The type regoff_t should hold at least the same amount of bytes as off_t and ssize_t here: http://www.opengroup.org/onlinepubs/009695399/basedefs/regex.h.html It's defined in regex.h as 'int` so it won't hold off_t on a 64bit machine or a 32bit machine where off_t 64bit support is enabled (#define _FILE_OFFSET_BITS 64)
This is known but obviously cannot easily be fixed. Suspended until somebody takes this serious to actually take a stab at a solution.
You mean, it cannot be easily fixed because it breaks the ABI?
(In reply to comment #2) > You mean, it cannot be easily fixed because it breaks the ABI? Yes.
On bug-gnulib, the following suggestion was made by Bruno Haible: > [glibc could] offer some preprocessor macro that makes regoff_t 64-bit wide - > like it was done for off_t. > > Would glibc need to export additional symbols for this? Yes. > > Would a compiled glibc need to contain two copies of the regex code? No, the > 32-bit version could be a thin wrapper around the 64-bit version. I guess this would count as "somebody takes this serious to actually take a stab at a solution". Would _REGEX_OFFSET_BITS be okay for you as a macro?

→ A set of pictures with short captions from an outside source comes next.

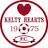 Kelty Hearts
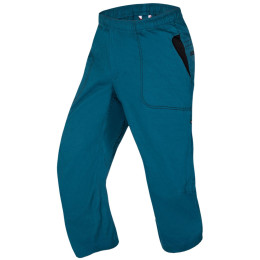 Muške 3/4 hlače Ocún JAWS 3/4 pants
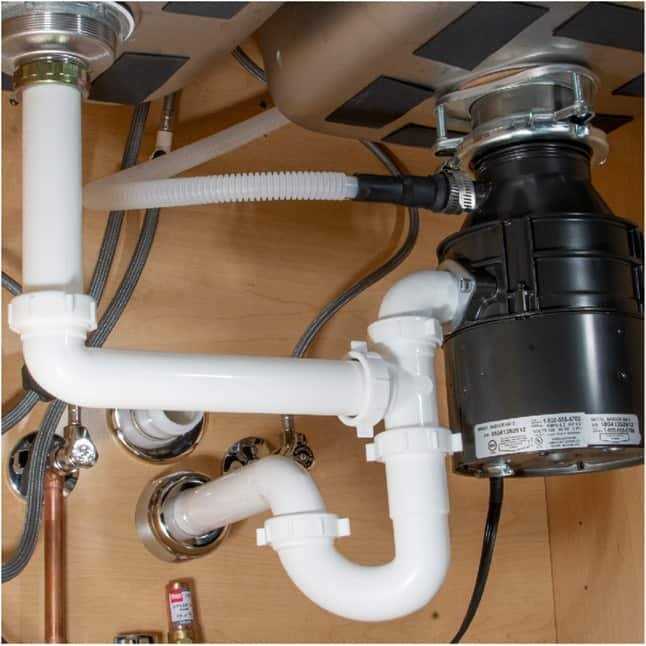 Oatey Orange Lava CPVC Cement 32167 - MT - Mrs Treak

*** Bug 12900 has been marked as a duplicate of this bug. ***
The original bug report is old, and POSIX has changed in the meantime: regoff_t is now required to be at least as large as ptrdiff_t and ssize_t. (Previously this was off_t and ssize_t.) See: http://pubs.opengroup.org/onlinepubs/9699919799/basedefs/regex.h.html
Yes, thanks for updating/clarifying that. Is there any chance of this ever getting fixed? I suspect there may even be obscure vulnerabilities related to this, if you can somehow pass a string longer than 4gb to regexec and cause the matches to get truncated, and thus for the caller to either dereference memory at a negative offset, exposing data it should not, or treating non-matching data early in the string as a match. Obviously these could be closed by making the interface even more non-conforming and rejecting offsets that would overflow, but I think the proper solution is to add a versioned symbol and fix the type.